Monday, December 14, 2009

Peak Oil Just Shifted A Lot Further On the Horizon

Biomass could fuel 65% of world's energy consumption by 2050

12 billion gallon a year oil feedstock going uncaptured

Jatropha may not grow well in the continental US, but it can be shipped in easily enough

Dimethyl Ether from biomass:  Good prospects for replacing diesel

Brazil:  Abundant bio-gas from bagasse and polypropylene plastics from sugarcane

Japanese buying into Algae oil enterprise Origin Oil Inc

Biomass to fuels using existing oil refineries!

Over at the oil drum website Gail the Actuary is explaining to all the faithful why oil hasn't shot up to $200 a barrel yet -- 5 years after oil supposedly peaked!  If you are at all familiar with the doomseekers of peak oil, you understand how difficult it is to have so few tangible evidences of peak oil to point to.  Like believers in catastrophic carbon climate warming who wake up to find that temperatures have been going down instead of up.  It's all very hard on a true believer.
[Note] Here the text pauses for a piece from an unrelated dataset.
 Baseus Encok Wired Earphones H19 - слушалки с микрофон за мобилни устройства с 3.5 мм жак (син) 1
The entire EROI spiel is getting a bit threadbare, once realities of economics begin interfering with the dogma.  How pathetic, when the one thing in life that makes one special, is that deep and abiding wish for a catastrophic collapse of civilisation! 
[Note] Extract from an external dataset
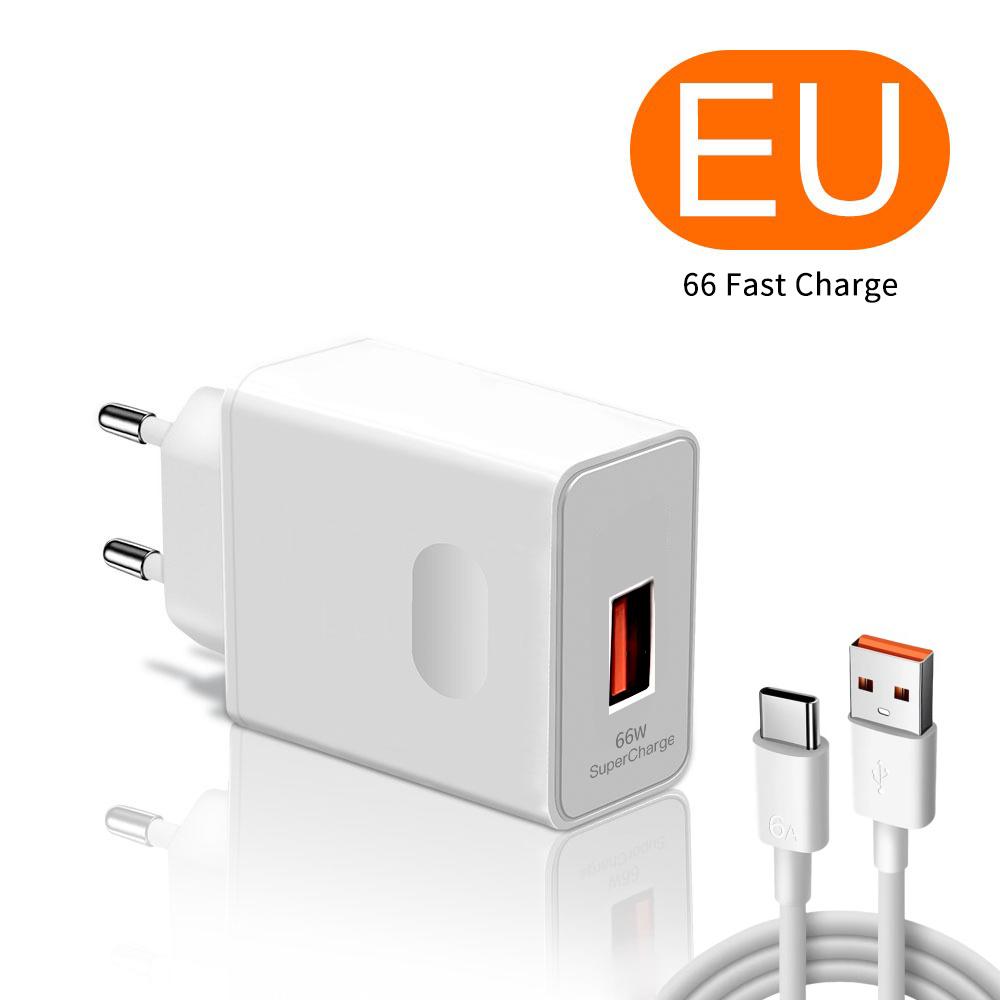 66 Вт быстрое зарядное устройство USB быстрая зарядка для телефона адаптер для iPhone 15 16 14 Pro Max Xiaomi Redmi 6A USB Type C кабель дорожное зарядное устройство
Al Fin engineers and energy workers believe in innovation, and the economics of the market.  Heavy-handed governments -- like the Obama / Pelosi reich -- tend to clog up the works.  No drilling!  No mining!  No development of this rich energy field or that one!  No new nuclear plants.  No new refineries.  No!  No!   No!   And the fools wonder why the economic situation is so slow to recover.

Peak oil is wrong for the simple reason that production is still extremely dependent upon investment and technology.  In the oil rich countries of the Persian Gulf, Russia, Venezuela, etc, political factors of nationalisation and neglectful maintenance upkeep added to poor application of technology, have kept production artificially low.  Equipment rusts and breaks down, and production drops.  Not to mention that the dictators, kings, sheikhs, etc. can live quite well and luxuriously on relatively low production -- despite what is in the fields. The people suffer from bad leadership, but the leaders live well.
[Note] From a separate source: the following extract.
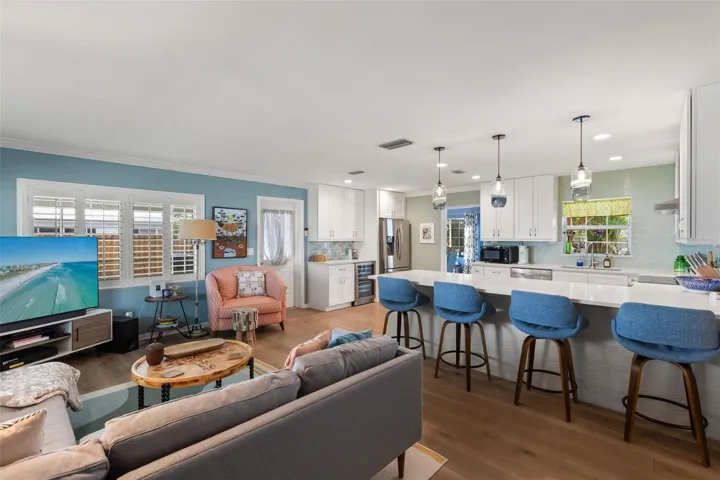 family room into kitchen angle 2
It is outside of the oil dictatorships that technology is extracting from wells many times the original reserves -- and continue doing so. 

Conventional oil is still abundant, with much flexibility of production with more intelligent attention given to the huge oil fields remaining.

Unconvention oil is even more abundant:  oil shale, oil sands, heavy oils, coal to liquid, gas to liquid, etc.

Sometime in the next twenty years, bio-fuels will begin to have an impact which will only grow.

Nuclear energies such as modular fission, liquid fluoride thorium fission, and perhaps fusion and something like BlackLight Power, could well start to provide large quantities of electricity and production heat.

Other alternative energies may eventually work out -- if utility-scale power storage and load leveling ever become affordable.

The main shortage is the shortage of human ingenuity.  If human governments ever addressed that shortage honestly,  there might be no meaningful shortages, and no more big governments.